Many reasons for this carnage exist, and heaven knows many of us have tried in our own ways to do something to stop this senseless and never-ending carnage. But on Wednesday, at a baseball field in sight of our nation's capital, a number of men whom we've elected to help keep us and our country safe from random violence have finally found themselves in the cross hairs of a crazy person with a gun. I don't want to seem mean-spirited or callous, but I have to say it: They, our congresspersons, are personally reaping what they've sown by groveling year after year after year at the feet of the NRA/gun lobby to scoop up their share of the NRA's bucks for their campaigns and precious congressional seats.
Maybe, just maybe, they will remember how frightened and helpless and alone they felt today, faces in the dirt, with bullets flying over their heads; how they thought of their colleagues, their spouses, their own kids; and maybe, just maybe, they thought about how their many votes to weaken or gut gun laws might have had an impact on what just happened to them and on others who were wounded or killed today.
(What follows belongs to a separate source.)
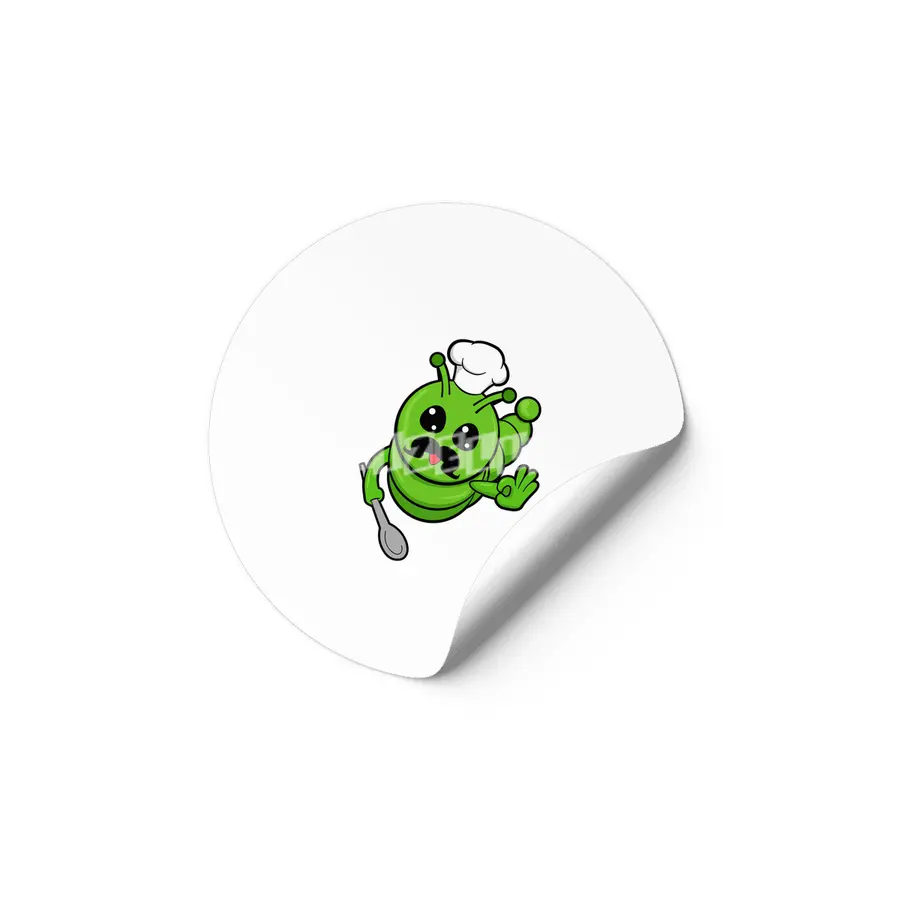 Caterpillar as Cook with Spoon Etiket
Joe Moriarity, Forest Lake
AIRPLANE INCIDENT
EMTs did just fine; passenger and Star Tribune lacked dignity
In response to "EMT removed dying woman's body down aisle of crowded plane at MSP: Partly clothed woman found in plane bathroom": Although this "most read" article appears to have been edited several times since first appearing on StarTribune.com, surely most visitors to the site have by now seen some version of it. The web headline alone conveys the crude and frankly clickbait-worthy angle that the Star Tribune decided was somehow important to writing about a woman's death.
The original article, and to an extent the version present today, insinuated that something terribly inappropriate happened when EMTs "dragged" a "half-naked" woman off the plane in an attempt to save her life. I would like to counter that the truly inappropriate things to have happened are thus: A passenger witnessed someone in distress and, rather than having compassion, he thought only of himself. Then, lacking the manners to keep his thoughts to himself, he contacted the newspaper to complain publicly about the situation. Finally, the newspaper published a story for the world, and the deceased's family, to have to envision the last moments of her life as being hauled unclothed down an airplane aisle while passengers gawked at her.
Some might argue that the complaining passenger was having compassion for the woman by suggesting she would have wanted to be fully clothed. But, truly, if one felt embarrassed for her to have been exposed in front of the other passengers on the plane, then how is the solution to expose details of her death to every person on the internet? The EMTs were not lacking in decency, but this article was.